The Business of Champagne
During their visit to Veuve Clicquot’s 19th century manor house, Hotel du Marc, the students learned about the company’s global marketing efforts to scale the brand, along with important lessons about entrepreneurship and women in business.
Philippe Clicquot founded the Champagne house in 1772. When he died, it passed to his 27-year-old widow (veuve in French). Madame Clicquot became the first woman to take up the management of a French house in the appellation of Champagne, and for the next 60 years she courageously pushed the boundaries of tradition and innovation.

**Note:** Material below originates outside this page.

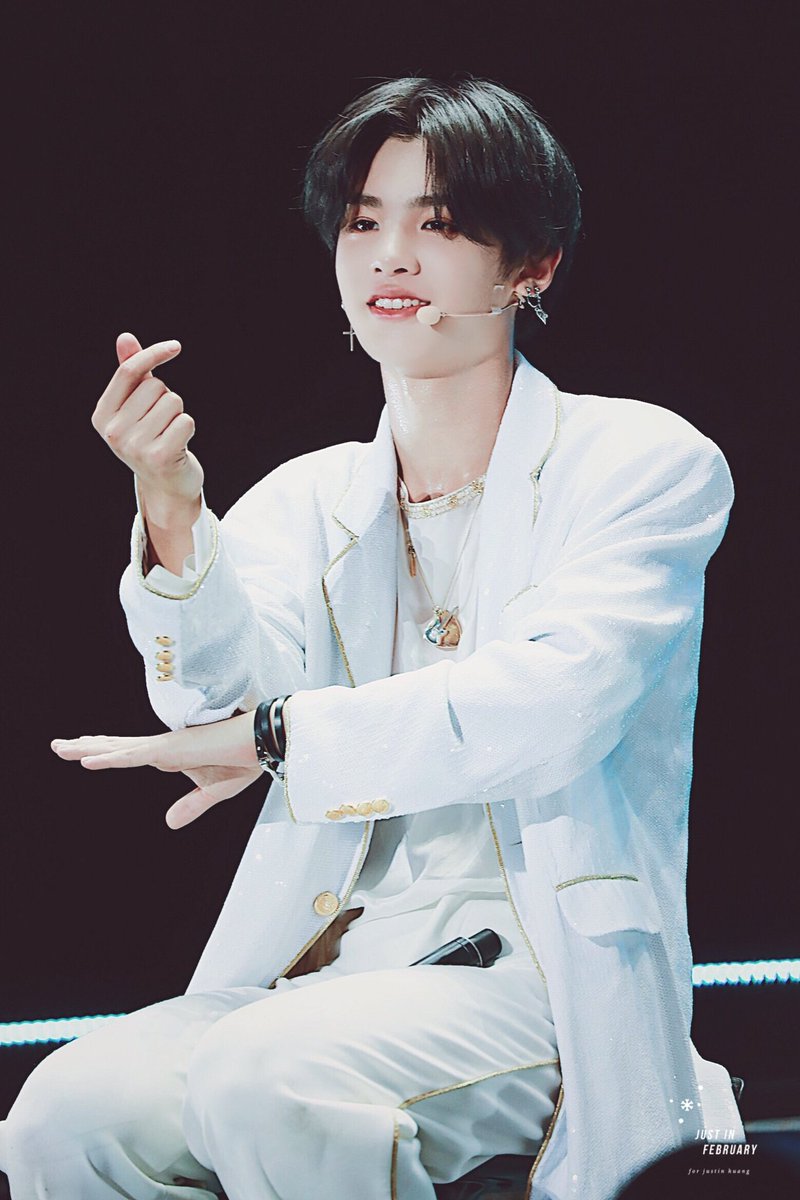 Just_inFebruary's tweet photo. #저스틴 #Justin #黄明昊
180908 NANJING https://t.co/lo7aiezgsf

Under her leadership, Veuve Clicquot invented the game-changing technique called riddling to facilitate removal of sediment and created the first vintage and rosé Champagne, respectively.
Her vision for the Champagne house was expansive, and she successfully grew the company into a truly global enterprise.

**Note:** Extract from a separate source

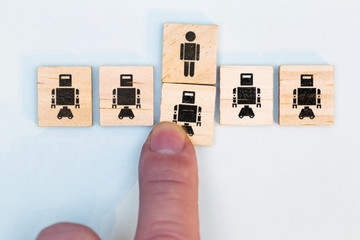 Konzept Automatisierung in der Industrie vernichtet Arbeitsplätze, Menschen müssen dem...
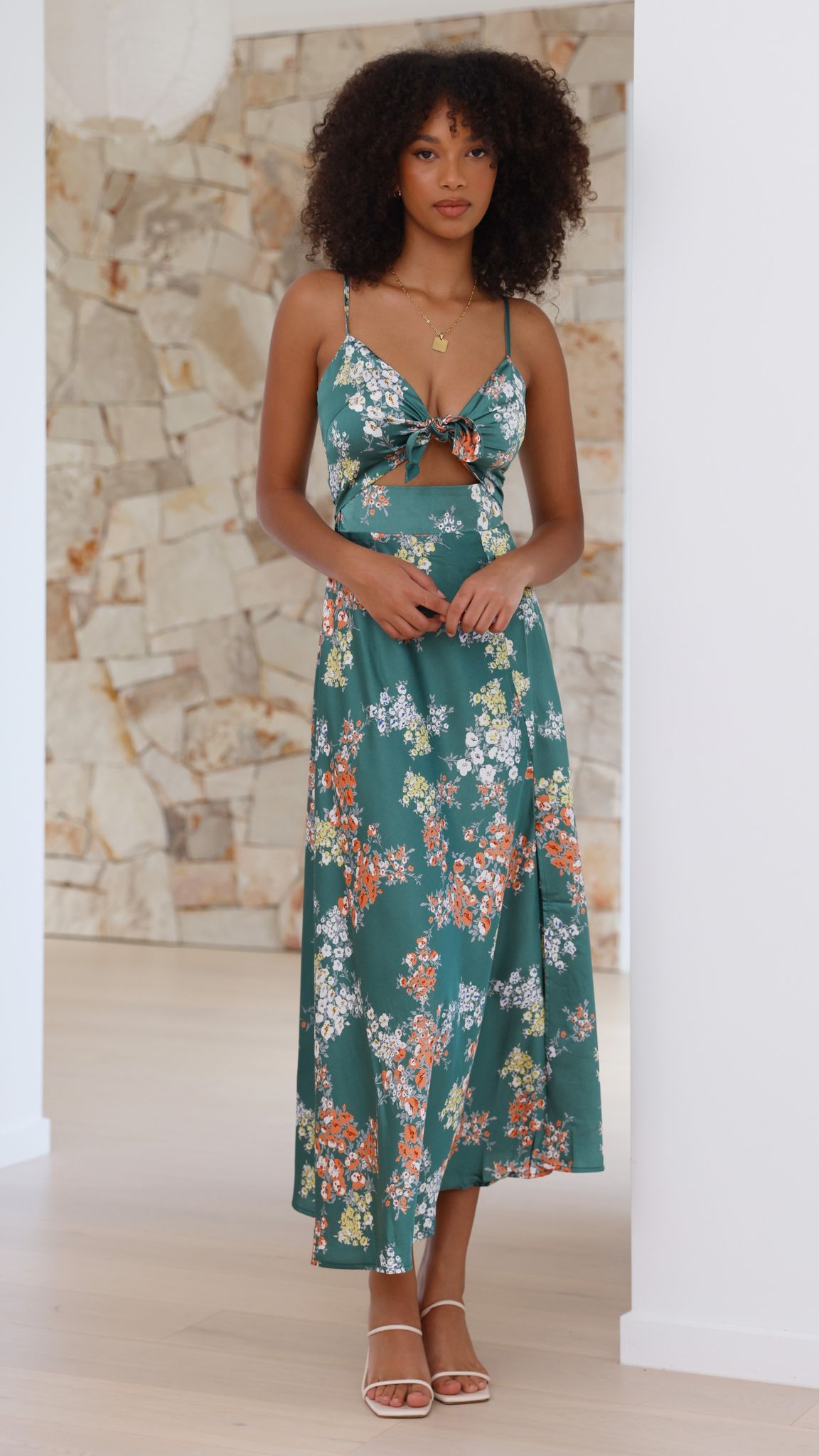 Elowen™ – Airy Midi Dress with Floral Print and Open Back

Now owned by the conglomerate Louis Vuitton Moët Hennessy, and recognized by its distinctive yellow label, Veuve Clicquot has continued to expand its international reach, building on the dream of Madame Clicquot and her husband, Philippe. The U.S. is its top market for sales.
Benjamin West, Veuve Clicquot’s international press and public relations manager, explained to the group the brand’s essence and its approach to building its reputation and reach in global markets.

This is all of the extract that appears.